The Bank of Japan is expected to keep monetary policy steady on Wednesday and lay out projections underscoring its conviction that inflation will head steadily towards its 2 percent target, suggesting no additional stimulus is on the near-term horizon.
Governor Haruhiko Kuroda, however, is likely to remind markets that the central bank is ready to ease policy further if weakness in exports or the pain from a sales tax hike on the economy prove much worse than expected and threaten to derail the inflation goal.
Industrial production rose 0.3 percent in March but manufacturers expect output to slide in April, data showed on Wednesday, a sign the recovery in the world's third-largest economy remains fragile.
At the meeting, the BOJ's policy board is widely expected to vote unanimously to maintain its pledge of increasing base money, its key policy gauge, at an annual pace of 60 trillion to 70 trillion yen ($588-$686 billion).
It will also issue a twice-yearly outlook report that serves as a basis for future policy decisions. The BOJ board members are likely to project consumer inflation will accelerate this year and stay around 2 percent for at least two years from the middle of 2015, sources have told Reuters, reflecting a moderate recovery in the economy.
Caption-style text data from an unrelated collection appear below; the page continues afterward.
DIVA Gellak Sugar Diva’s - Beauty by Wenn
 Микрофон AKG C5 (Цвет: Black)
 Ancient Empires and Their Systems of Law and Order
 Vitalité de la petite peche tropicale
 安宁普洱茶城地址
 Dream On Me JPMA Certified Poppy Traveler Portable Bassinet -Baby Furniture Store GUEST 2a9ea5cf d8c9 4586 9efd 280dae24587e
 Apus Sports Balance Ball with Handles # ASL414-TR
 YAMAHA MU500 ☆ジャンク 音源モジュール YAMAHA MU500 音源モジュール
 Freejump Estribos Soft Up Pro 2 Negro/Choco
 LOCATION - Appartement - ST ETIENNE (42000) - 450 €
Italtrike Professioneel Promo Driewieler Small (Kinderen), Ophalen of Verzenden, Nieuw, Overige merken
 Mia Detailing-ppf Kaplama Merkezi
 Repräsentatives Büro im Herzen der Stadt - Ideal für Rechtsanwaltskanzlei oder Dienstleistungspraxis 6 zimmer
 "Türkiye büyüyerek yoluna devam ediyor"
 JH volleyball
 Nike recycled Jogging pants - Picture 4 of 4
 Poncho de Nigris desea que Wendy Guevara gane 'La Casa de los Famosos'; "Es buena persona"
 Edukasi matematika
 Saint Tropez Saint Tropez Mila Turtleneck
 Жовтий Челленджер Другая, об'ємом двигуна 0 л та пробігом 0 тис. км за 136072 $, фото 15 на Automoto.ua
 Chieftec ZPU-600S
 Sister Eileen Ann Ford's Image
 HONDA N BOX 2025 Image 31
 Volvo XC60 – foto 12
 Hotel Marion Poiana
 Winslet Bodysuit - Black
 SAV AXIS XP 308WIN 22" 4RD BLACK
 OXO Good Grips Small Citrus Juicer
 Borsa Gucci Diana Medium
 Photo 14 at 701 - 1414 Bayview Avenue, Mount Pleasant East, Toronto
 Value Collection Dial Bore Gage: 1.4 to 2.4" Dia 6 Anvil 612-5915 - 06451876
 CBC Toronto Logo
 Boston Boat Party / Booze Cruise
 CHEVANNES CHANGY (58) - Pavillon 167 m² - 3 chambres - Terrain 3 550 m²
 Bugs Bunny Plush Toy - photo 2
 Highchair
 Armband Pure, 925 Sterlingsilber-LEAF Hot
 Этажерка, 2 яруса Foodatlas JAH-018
Such upbeat projections may solidify a growing market consensus that the BOJ will stand pat until around July or even longer, to scrutinize more data for clues on how the economy has weathered the sales tax hike that was implemented this month.
"The BOJ will stress that companies are smoothly passing on the costs of the sales tax hike to consumers, and that this is because of strong demand," said Masaaki Kanno, chief Japan economist at JPMorgan Securities.